• _PROBLEM DETAILS_
The answer must consist solely of the lines from the one containing "Alternate view of" through the last line of the records, set down exactly and without any pictures.

Captioned web images:
+++

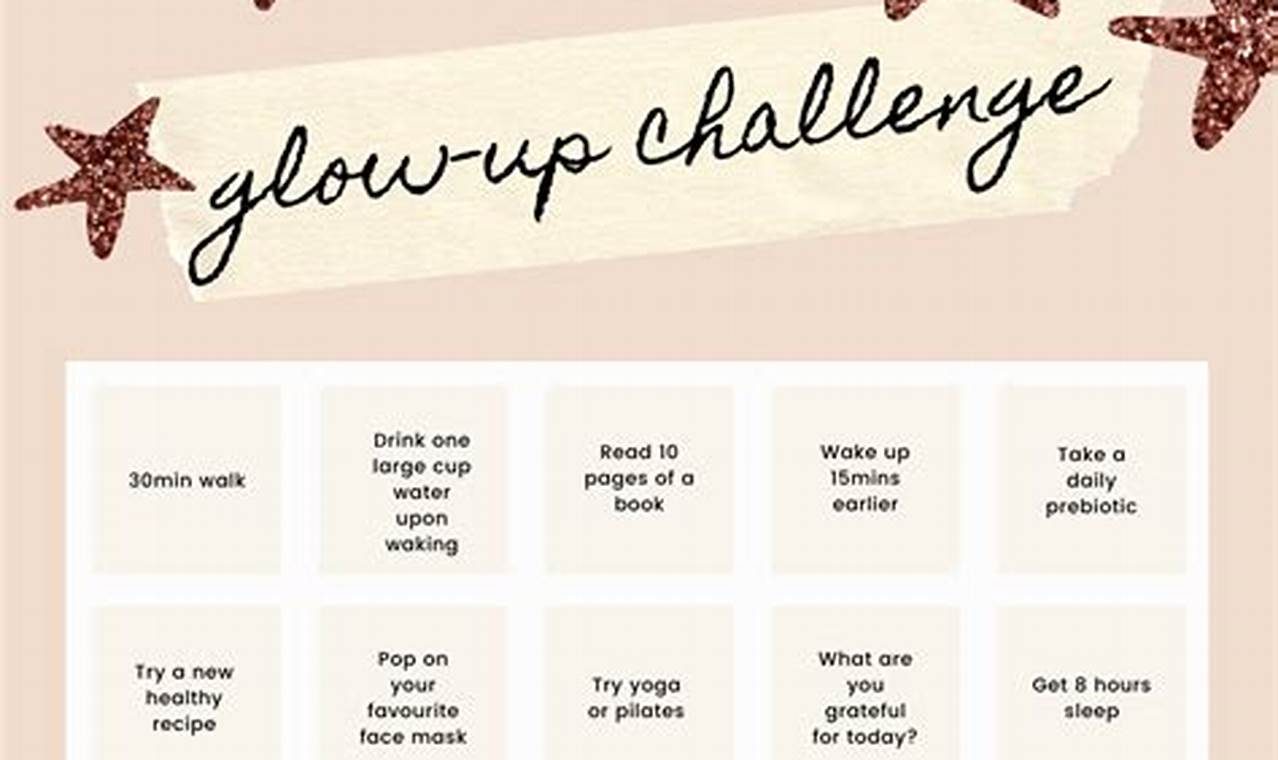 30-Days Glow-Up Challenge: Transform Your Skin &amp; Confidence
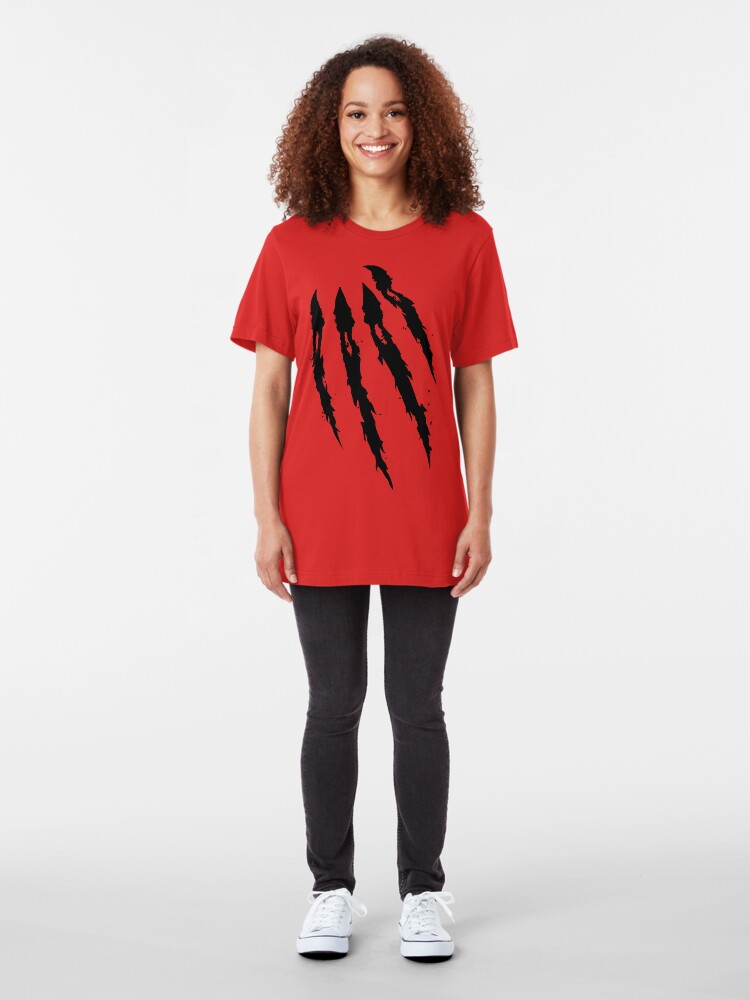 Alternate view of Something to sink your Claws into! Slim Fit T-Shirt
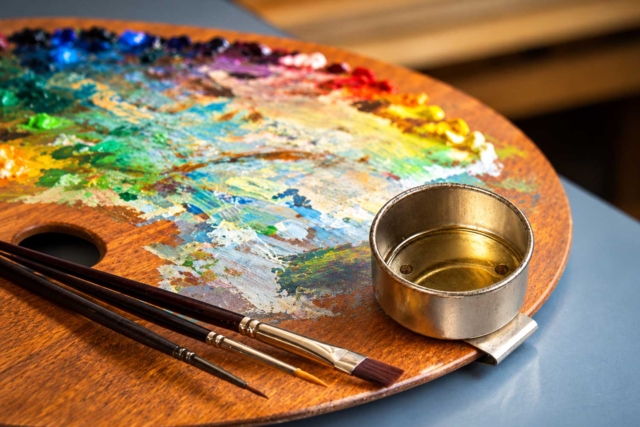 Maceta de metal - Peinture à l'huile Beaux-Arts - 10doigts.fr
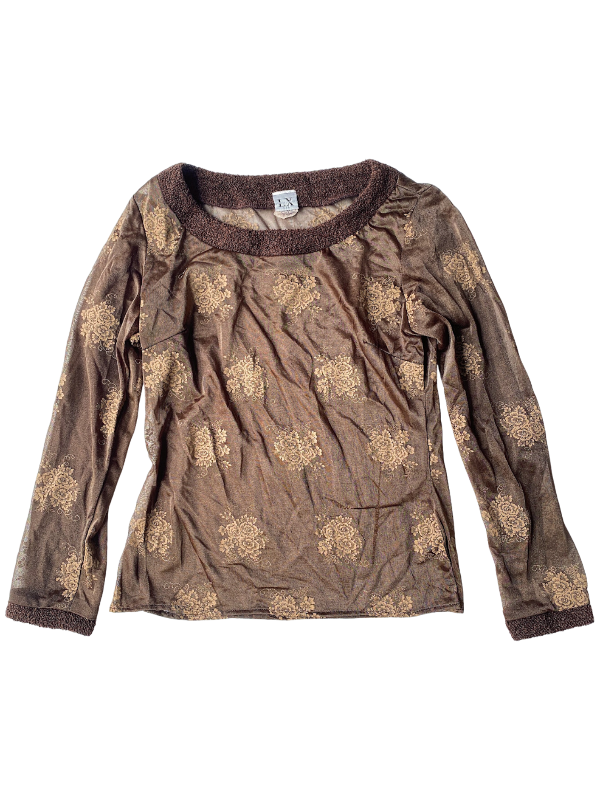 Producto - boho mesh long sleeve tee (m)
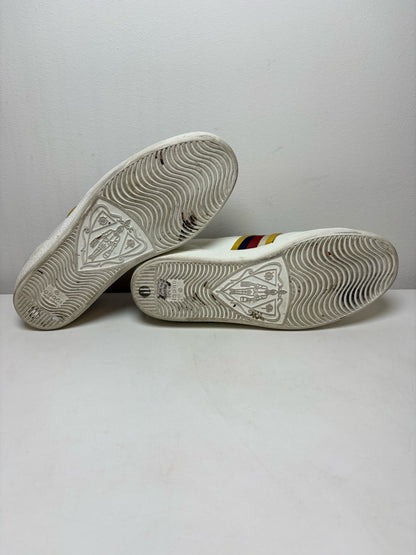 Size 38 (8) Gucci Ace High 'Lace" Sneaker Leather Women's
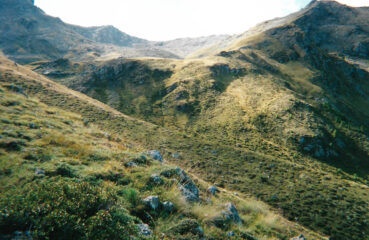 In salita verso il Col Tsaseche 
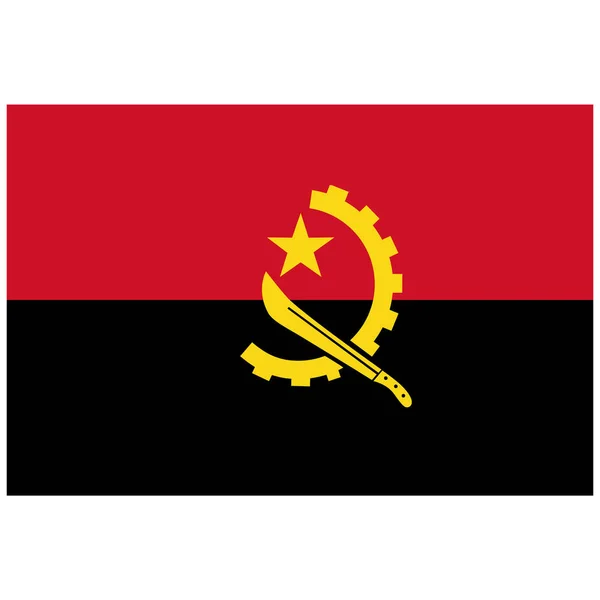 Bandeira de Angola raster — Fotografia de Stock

+++

• _RESPONSE BOX_
 Alternate view of Something to sink your Claws into! Slim Fit T-Shirt
 Maceta de metal - Peinture à l'huile Beaux-Arts - 10doigts.fr
 Producto - boho mesh long sleeve tee (m)
 Size 38 (8) Gucci Ace High 'Lace" Sneaker Leather Women's
 In salita verso il Col Tsaseche 
 Bandeira de Angola raster — Fotografia de Stock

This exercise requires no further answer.